• **How to complete this task**:
Your reply should reproduce the data below without a single alteration, apart from dropping the images.

• **Dataset content**:
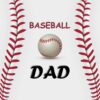 BaseballDad-Image.jpg Baseball Dad Tumbler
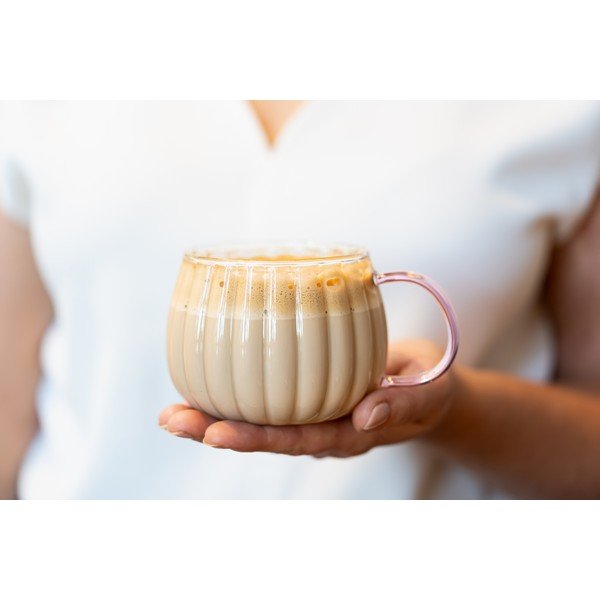 Căni 2 buc. pentru cappuccino 350 ml Tulip – Vialli Design-image-1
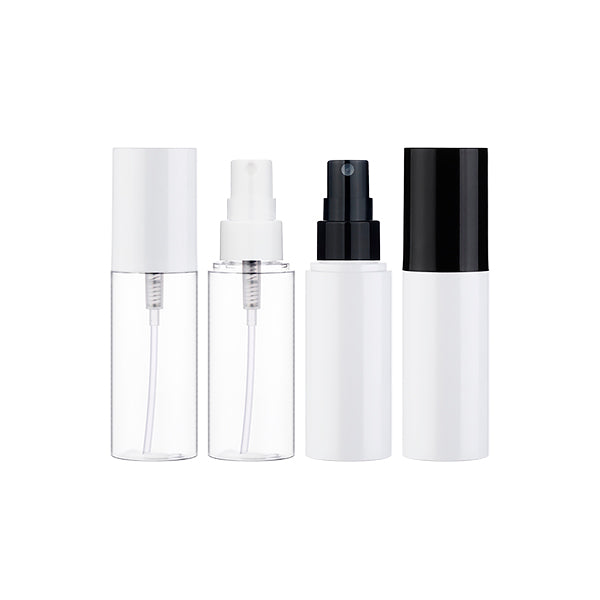 L) オーバーキャップミストスプレー N-OY50ml_PET - YOKIプラザ - 化粧品容器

• **Result below**:
 BaseballDad-Image.jpg Baseball Dad Tumbler
 Căni 2 buc. pentru cappuccino 350 ml Tulip – Vialli Design-image-1
 L) オーバーキャップミストスプレー N-OY50ml_PET - YOKIプラザ - 化粧品容器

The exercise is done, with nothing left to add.